Can we try to unroll this? Add new helpers to hide the repeating parts,
store extra state in iter if needed.

AFAIU, we want the following:
1. find sk, try to fill the batch, if it fits -> bail out
2. try to allocate new batch with GPU_USER, try to fill again -> bail
   out
3. otherwise, attempt GPF_NOWAIT and do that dance where you copy over
   previous partial copy

The conditional put in bpf_iter_tcp_put_batch does not look nice :-(
Same for unconditional memcpy (which, if I understand correctly, only
needed for GFP_NOWAIT case). I'm 99% sure your current version works,
but it's a bit hard to follow :-(

Untested code to illustrate the idea below.
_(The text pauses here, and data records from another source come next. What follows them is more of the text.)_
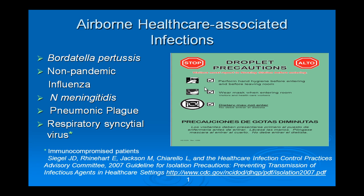Other organisms include Bordetella pertussis — we had a pediatric case just before Christmas that was not isolated until the diagnosis was made, and we now have 12 healthcare workers under surveillance for whooping cough. Non-pandemic flu, Neisseria meningitidis, pneumonic plague, and RSV particularly in the pediatric population. For these organisms, the droplets are large enough that we can use droplet precautions with a surgical mask rather than the N95 mask.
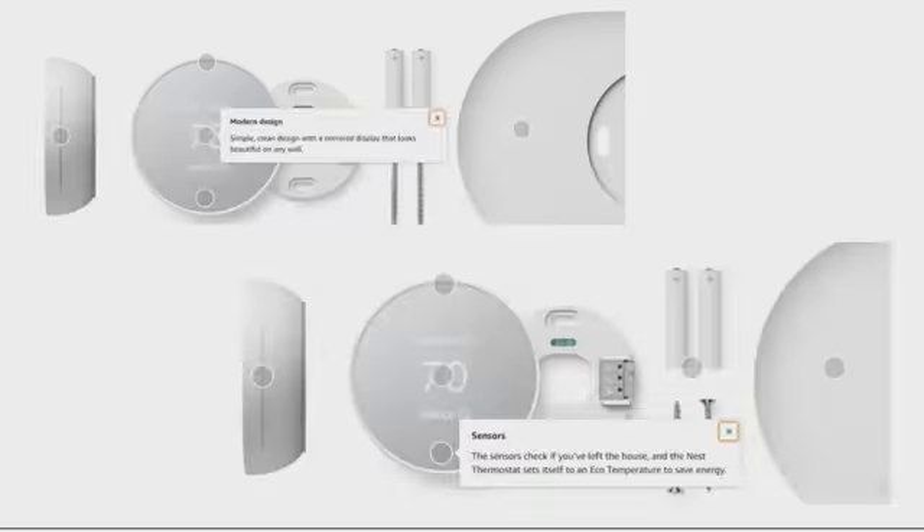The modern design features a simple, clean look with a mirror display that looks beautiful on any wall. The sensors check if you've left the house and the Nest Thermostat sets itself to an eco temperature to save energy.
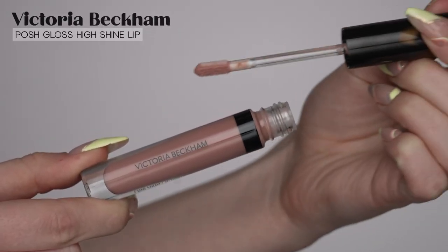Moving on to gloss — I just got this in the mail today and I am so excited. This is the Victoria Beckham Posh Gloss High Shine Lip in the shade Bikini. Can we just talk about this packaging — it is heavy, you can feel the quality and weight in this product. I love the tortoise shell lid, it is beautiful. I'm going to apply this gloss with a brush. I don't think Bella's wearing gloss in this look, but I'm excited about this product and I really want to try it. I love that milky light pink color — it's like a 90s milky pinky shade. It's not sticky at all and I really love this gloss.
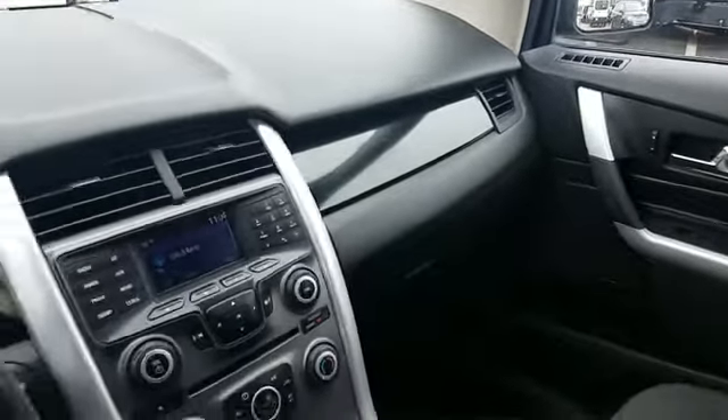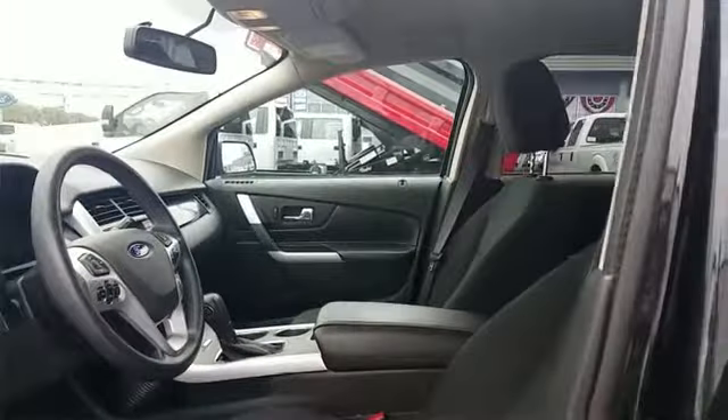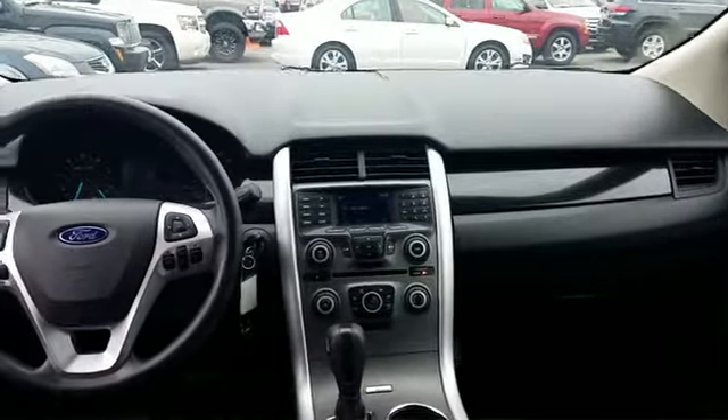Don't risk the regrets. Test drive it today. Sayville Ford has been family owned and operated for three generations, over 60 years. Sayville Ford's focus on complete customer satisfaction has earned us a reputation as a leader in the automotive industry. We have hundreds of Ford cars and trucks on site, as well as a vast selection of quality pre-owned vehicles.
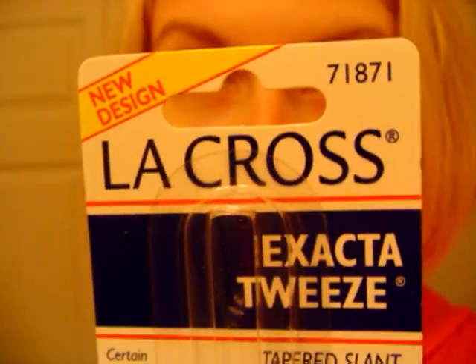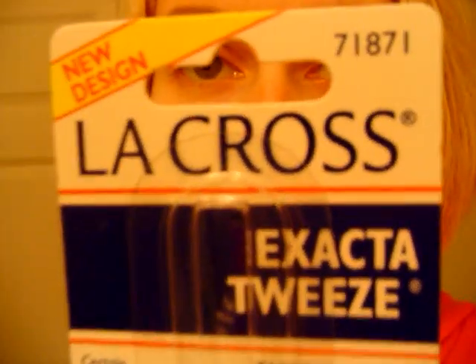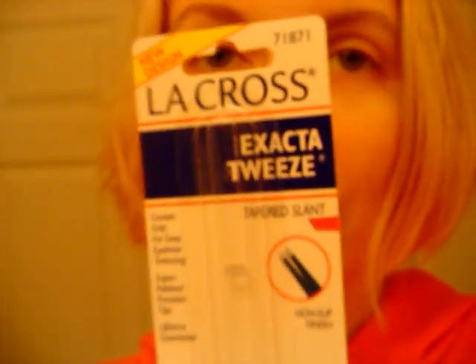Hi Expo TV, my name is Nastasia and I would like to tell you about LaCrosse Exact Tweeze Tapered Slant Tweezers. These are very, very good. First of all, they're coated with this paint which makes them less slippery than if they were just metal.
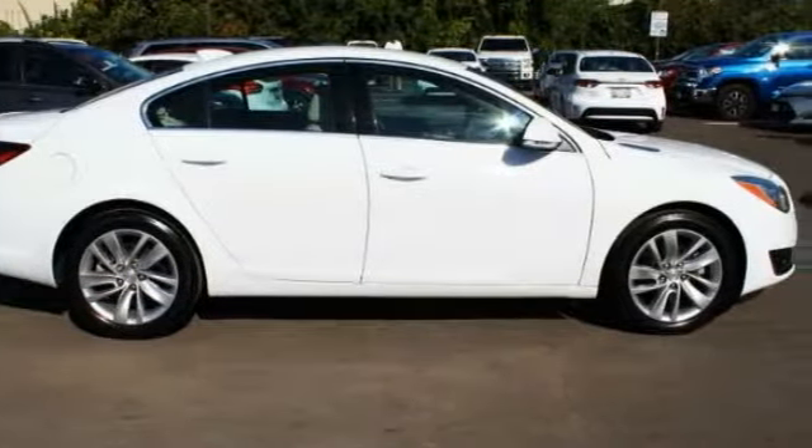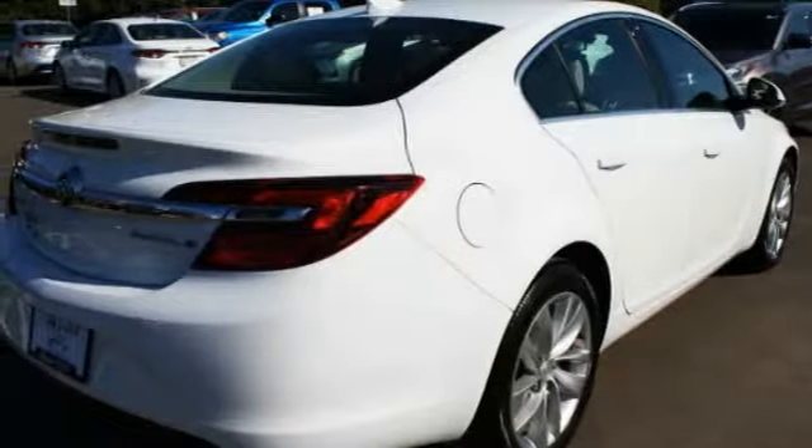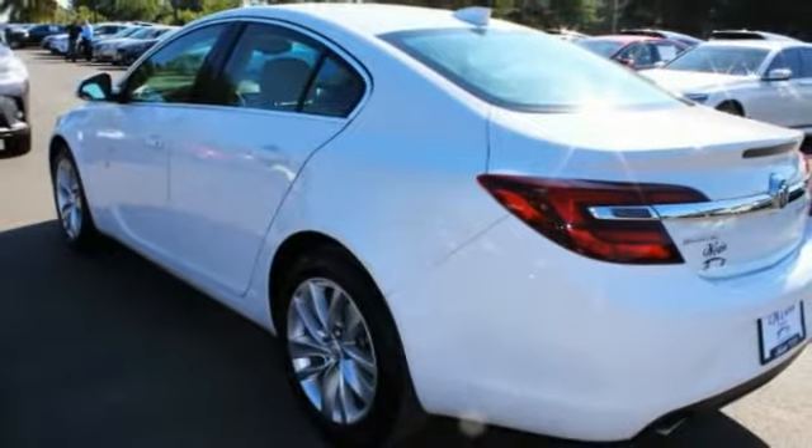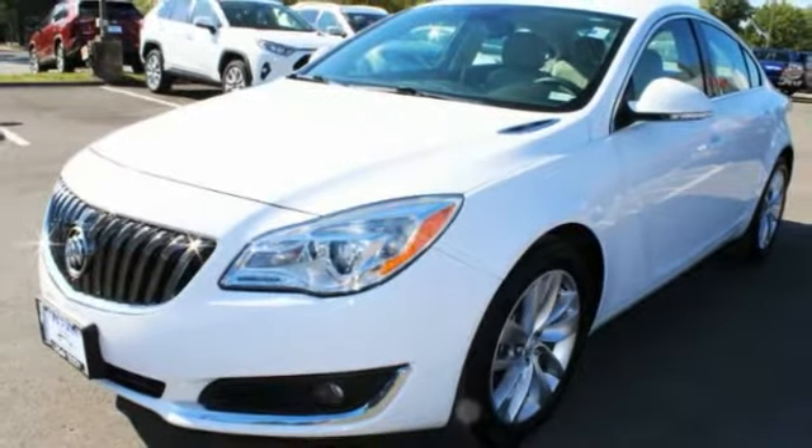2016 Buick Regal. The Buick Regal is based on the European Opel Insignia. The Regal is as much a sports sedan as it is a family sedan. This vehicle has less than 45,000 miles.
Any reason it won't work?

/* fast path */

sk = tcp_seek_last_pos(seq);
if (!sk) return NULL;
fits = bpf_iter_tcp_fill_batch(...);
bpf_iter_tcp_unlock_bucket(iter);
if (fits) return sk;

/* not enough space to store full batch, try to reallocate with GFP_USER */

bpf_iter_tcp_free_batch(iter);

if (bpf_iter_tcp_alloc_batch(iter, GFP_USER)) {
	/* allocated 'expected' size, try to fill again */

	sk = tcp_seek_last_pos(seq);
	if (!sk) return NULL;
	fits = bpf_iter_tcp_fill_batch(...);
	if (fits) {
		bpf_iter_tcp_unlock_bucket(iter);
		return sk;
	}
}

/* the bucket is still locked here, sk points to the correct one,
 * we have a partial result in iter->batch */

old_batch = iter->batch;

if (!bpf_iter_tcp_alloc_batch(iter, GFP_NOWAIT)) {
	/* no luck, bail out */
	bpf_iter_tcp_unlock_bucket(iter);
	bpf_iter_tcp_free_batch(iter); /* or put? */
	return ERR_PTR(-ENOMEM);
}

if (old_batch) {
	/* copy partial result from the previous run if needed? */
	memcpy(iter->batch, old_batch, ...);
	kvfree(old_batch);
}

/* TODO: somehow fill the remainder */

bpf_iter_tcp_unlock_bucket(iter);
return ..;

....

bool bpf_iter_tcp_fill_batch(...)
{
	if (st->state == TCP_SEQ_STATE_LISTENING)
		expected = bpf_iter_tcp_listening_batch(seq, sk);
	else
		expected = bpf_iter_tcp_established_batch(seq, sk);

	/* TODO: store expected into the iter for future resizing */
	/* TODO: make bpf_iter_tcp_xxx_batch store start_sk in iter */

	if (iter->end_sk == expected) {
		iter->st_bucket_done = true;
		return true;
	}

	return false;
}

bool bpf_iter_tcp_free_batch(...)
{
	bpf_iter_tcp_put_batch(iter);
	kvfree(iter->batch);
	iter->batch = NULL;
}